→ **Requirement**
Below are some records; output exactly the lines from the line with "Chargeuse sur pneus CAT 920" to the line with "Triple Room - Photo 10", both ends kept, and nothing more.

→ **Dataset entries**
########################################
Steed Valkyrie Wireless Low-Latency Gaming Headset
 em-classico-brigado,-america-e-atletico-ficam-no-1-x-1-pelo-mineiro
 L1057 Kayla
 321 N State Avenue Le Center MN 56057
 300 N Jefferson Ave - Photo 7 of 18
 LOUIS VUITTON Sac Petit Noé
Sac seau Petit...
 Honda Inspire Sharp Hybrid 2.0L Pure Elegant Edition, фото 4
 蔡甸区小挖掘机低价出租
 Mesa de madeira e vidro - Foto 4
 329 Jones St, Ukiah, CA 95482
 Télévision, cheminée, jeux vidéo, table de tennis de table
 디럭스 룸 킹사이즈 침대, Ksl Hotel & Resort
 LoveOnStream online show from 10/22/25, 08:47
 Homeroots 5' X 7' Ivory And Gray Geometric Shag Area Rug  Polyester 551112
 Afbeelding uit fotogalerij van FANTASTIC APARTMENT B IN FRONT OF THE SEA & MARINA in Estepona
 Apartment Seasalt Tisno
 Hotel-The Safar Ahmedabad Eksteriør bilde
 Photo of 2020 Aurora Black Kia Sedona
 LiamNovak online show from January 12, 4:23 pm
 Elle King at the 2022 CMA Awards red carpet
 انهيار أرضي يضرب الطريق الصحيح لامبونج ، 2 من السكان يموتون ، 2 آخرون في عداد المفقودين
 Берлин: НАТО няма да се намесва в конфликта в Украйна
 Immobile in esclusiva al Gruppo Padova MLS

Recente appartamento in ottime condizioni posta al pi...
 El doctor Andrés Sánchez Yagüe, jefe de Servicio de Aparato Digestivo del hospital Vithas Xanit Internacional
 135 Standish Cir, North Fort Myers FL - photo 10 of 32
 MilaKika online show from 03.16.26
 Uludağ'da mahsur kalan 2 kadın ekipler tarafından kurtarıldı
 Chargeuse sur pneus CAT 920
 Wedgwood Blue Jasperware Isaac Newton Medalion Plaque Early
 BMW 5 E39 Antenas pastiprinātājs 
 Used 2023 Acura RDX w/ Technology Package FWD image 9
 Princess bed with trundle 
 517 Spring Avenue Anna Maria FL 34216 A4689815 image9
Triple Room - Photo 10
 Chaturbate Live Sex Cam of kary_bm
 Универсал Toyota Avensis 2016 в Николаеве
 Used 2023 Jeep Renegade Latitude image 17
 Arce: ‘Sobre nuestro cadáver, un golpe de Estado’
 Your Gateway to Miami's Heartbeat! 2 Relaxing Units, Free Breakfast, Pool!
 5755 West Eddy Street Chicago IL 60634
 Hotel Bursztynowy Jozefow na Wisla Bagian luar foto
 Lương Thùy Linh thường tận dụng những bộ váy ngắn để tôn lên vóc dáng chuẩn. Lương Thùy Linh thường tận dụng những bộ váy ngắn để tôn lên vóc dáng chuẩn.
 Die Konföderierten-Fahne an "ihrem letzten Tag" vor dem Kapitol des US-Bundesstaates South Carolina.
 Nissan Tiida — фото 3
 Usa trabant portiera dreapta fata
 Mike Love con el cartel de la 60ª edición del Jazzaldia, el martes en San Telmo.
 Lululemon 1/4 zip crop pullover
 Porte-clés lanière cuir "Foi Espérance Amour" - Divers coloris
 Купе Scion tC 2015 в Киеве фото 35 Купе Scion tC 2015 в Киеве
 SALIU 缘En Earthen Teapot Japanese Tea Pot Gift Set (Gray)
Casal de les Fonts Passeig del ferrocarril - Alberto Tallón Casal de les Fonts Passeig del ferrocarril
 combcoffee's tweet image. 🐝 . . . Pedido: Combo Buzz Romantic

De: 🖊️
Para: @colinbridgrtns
########################################
→ **Task result**
 Chargeuse sur pneus CAT 920
 Wedgwood Blue Jasperware Isaac Newton Medalion Plaque Early
 BMW 5 E39 Antenas pastiprinātājs 
 Used 2023 Acura RDX w/ Technology Package FWD image 9
 Princess bed with trundle 
 517 Spring Avenue Anna Maria FL 34216 A4689815 image9
Triple Room - Photo 10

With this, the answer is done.